No lo hemos elegido. Nadie escoge el tiempo ni las circunstancias que le tocan vivir. Al principio, la palabra pandemia nos sonaba a película de ciencia ficción. Como no nos queda otra que adaptarnos a la adversidad, hemos aprendido a incorporarla al mundo real. De la misma forma que introdujimos conceptos como PCR, gel hidroalcohólico o prueba de antígenos. Así como nos aproximamos a las mascarillas: primero con rechazo e incomprensión, después como una necesidad para la supervivencia.
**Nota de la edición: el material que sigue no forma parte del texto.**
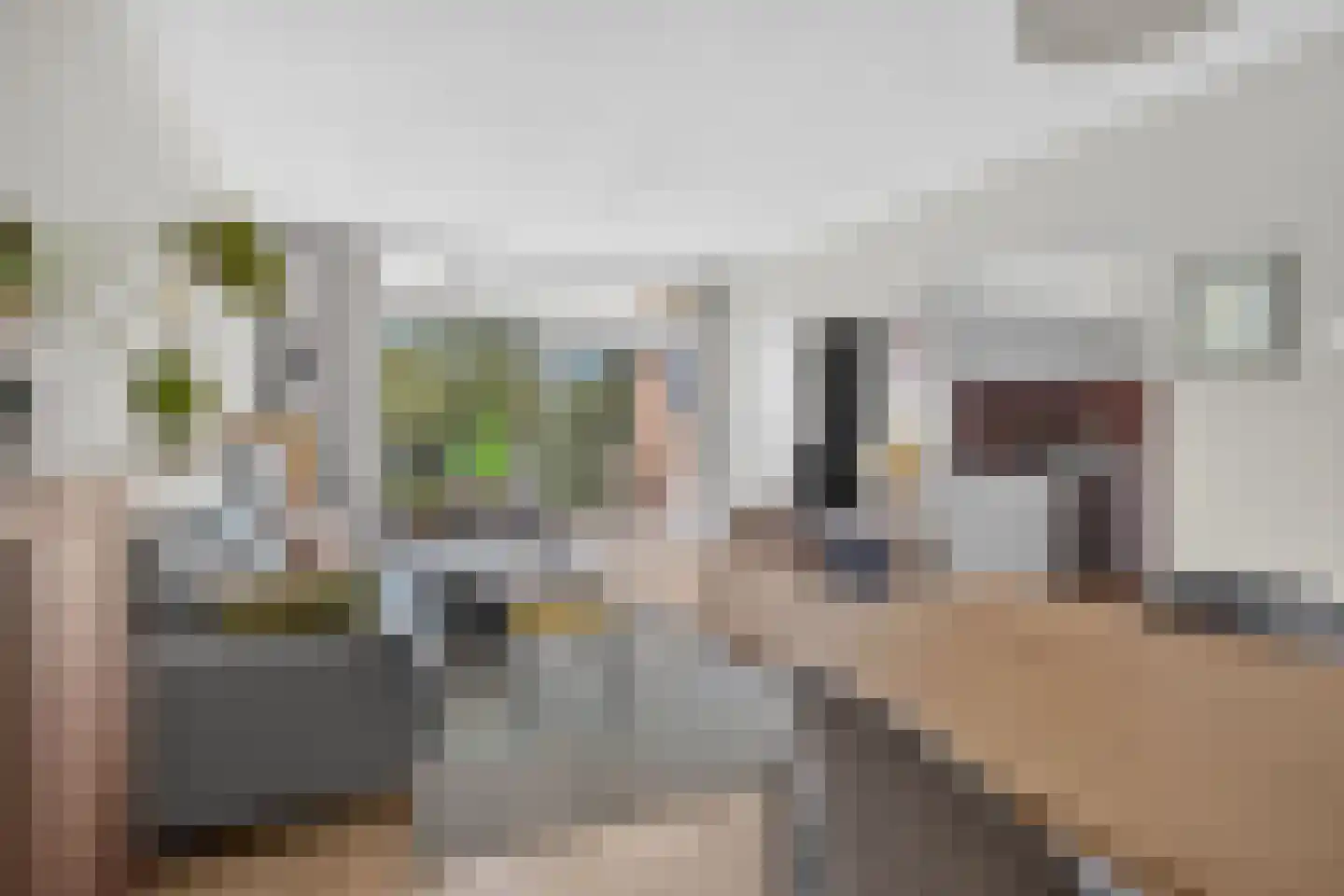 Lelystraat 2 C25 Breda thumbnail 4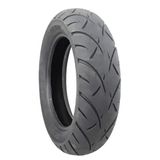 Pneu Tras 170/80 B15 Moto Shadow Boulevard Drag Star 650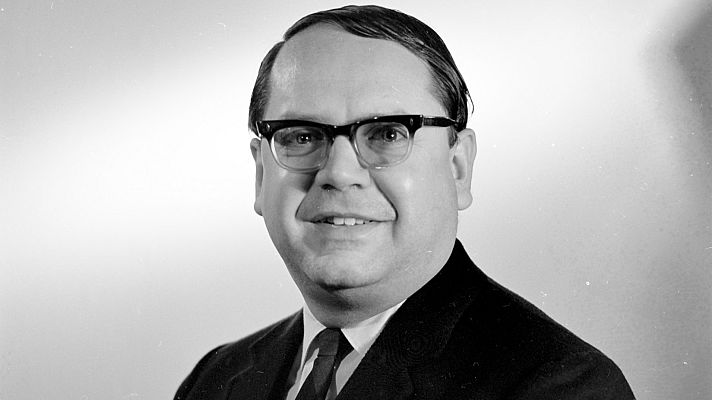 Telediario 2 - La Universidad de Michigan pagará 490 millones de dólares a más de mil víctimas de abusos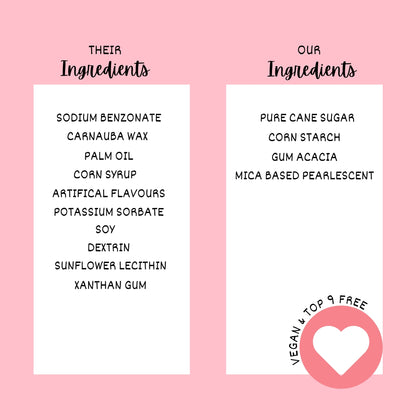 Confect Disco Ball Mashup DM 24 1 Kg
Hasta que las mascarillas se convirtieron en algo tan necesario como el pan nuestro de cada día.

De repente, se quitó la obligación de llevar mascarilla en los espacios abiertos (siempre que se mantuviese la distancia conveniente por supuesto, detalle que demasiada gente ha obviado). Había habido una mejoría de los contagios. Sin embargo, el alivio duró poco. Volvió a aumentar el número de positivos. Esta vez la rueda maléfica apuntó a los más jóvenes y se volvieron a disparar las alertas.
No necesitamos que nos ordenen llevar mascarilla por la calle. ¿O si? Me parece una cuestión de sentido común. Volvamos al refugio de las mascarillas antes de que se multipliquen los casos, se disparen los enfermos y se colapsen los hospitales. Seamos sensatos.